What happened that these companies saw such significant rises? What are the reason behind this increase?
Steel Production – Changes in China
Whatever production of steel that takes place in China is done through old methods using coal plants and similar things. This results in excessive pollution. In 2016, China started taking pollution control measures aggressively. For this China claimed that the production that will happen using the ‘Electric Arc Furnace Technology’ will result in lower pollution. This Electric Arc Furnace Technology which uses graphite electrode for steel production result in almost 80% less pollution. All over the world, there are 5 major players in this technology production, and out of these 5, 2 are from India who are in this type of production. So, almost 20% of the global capacity to produce graphite electrode is present in India. This acted as a booster for these companies (HEG & Graphite India). This resulted in a multi-fold growth in the sales of these companies in the last 2 years.

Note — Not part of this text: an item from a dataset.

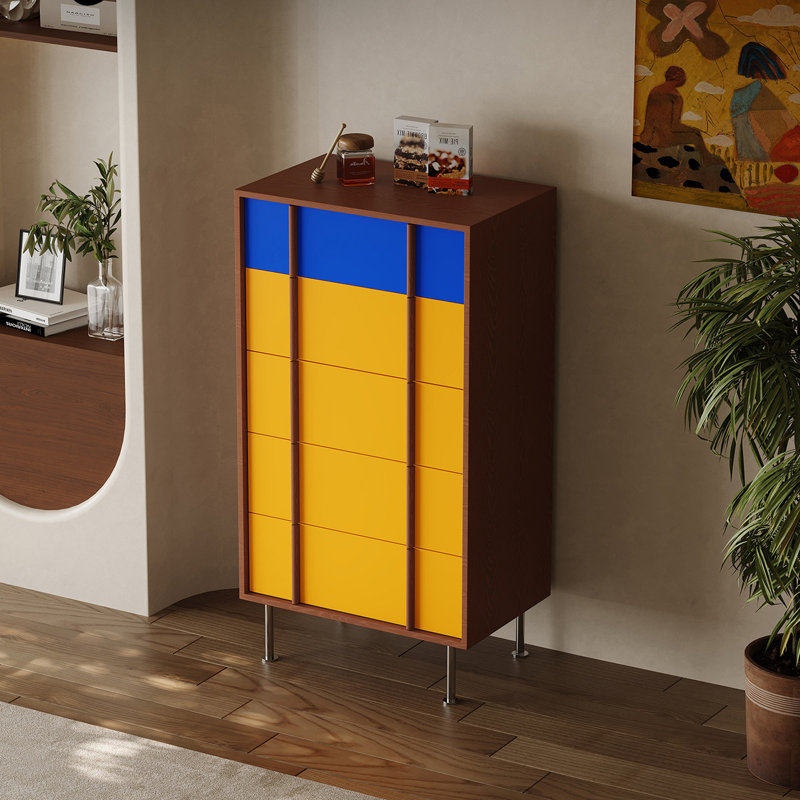 Armoire à tiroirs de style médiéval, H 45,28 cm x l 24,41 cm x P 15,75 cm
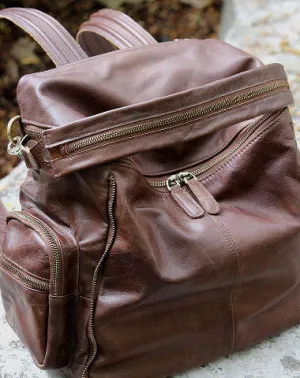 Classic Everyday Handmade Leather backpack bag shoulder bag Coffee women leather purse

In March 2017, HEG declared a loss of Rs 50 crores but the current trailing twelve-month profits of the company amount to around Rs. 2,600 crores. Once where this company was a loss making one, is now making huge profits in just 2 years. In the future too, they seem to have clear visibility in earnings with scope to grow more.
That is exactly why these stocks have increased so much.

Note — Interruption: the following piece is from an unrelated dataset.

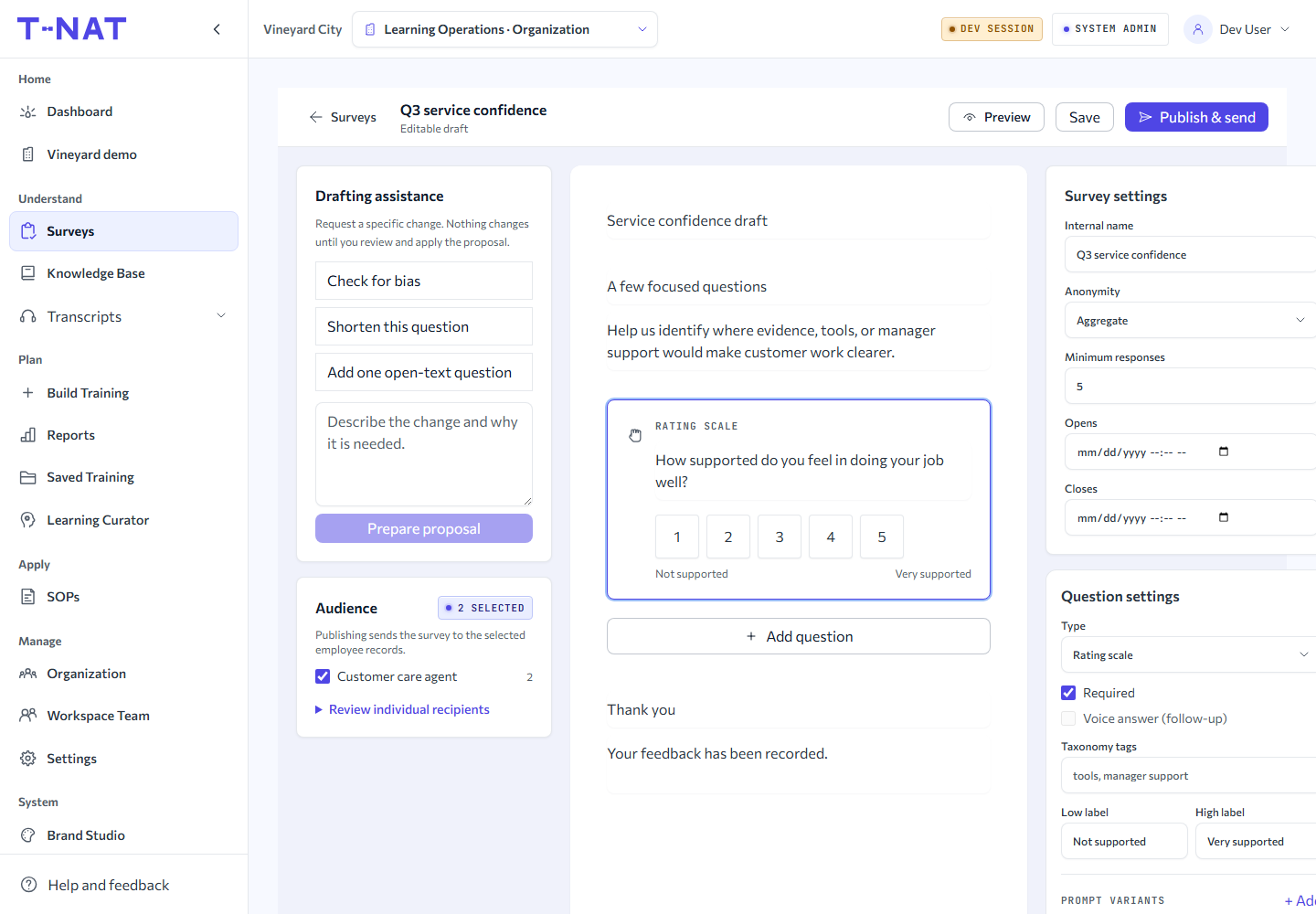 T-NAT survey builder with drafting assistance, question controls, and audience settings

The Price-to-Earnings (PE) ratio of these companies ranges between 5 to 6. The Price-to-Earning Growth (PEG) Ratio (PE ÷ Growth) is also a very important factor. Other companies have high PEG ranging between 5-9. But, the PEG of these companies ranges around 0.13. This is so because the growth they saw in the last 2 years was a phenomenal growth and that kind of (high) PE hasn’t been given to these companies. One would say that even with such clear visible growths, why haven’t these companies been given higher PE’s. The reason behind is that there were no global player focusing on graphite electrodes. But when this market starts to grow gradually, then this market would get open to all to enter. And Chinese companies particularly will definitely enter this market of graphite electrode production. Obviously, many things will also be dependent on the raw materials involved in this. But there are chance of China entering into this. This why the analyst are not ready to give these companies PE’s higher than this. They will only get higher valuations if they concentrate on their growth and profitability. If the companies maintain 20-25% growth, then maybe they may get expected valuations.
Lack of visibility of earnings and many uncertainties are the main reason behind these companies getting these rational PE values.
The steel that was being imported from China, has now been charged with import duty by the government. That has led to increased production in Indian companies and the companies are seeing higher demands for them. Majority of steel production in India is done using the electric arc furnace technology. Thus, this is an advantage to the HEG and Graphite India (as they are the suppliers of graphite electrode which are required in electric arc furnace technology).
But there are claims that there many entry barriers in this business. But if China wants, it can easily enter this business and set up such companies of itself. And with their increasing focus on pollution control measures, it can definitely come up with alternative solutions.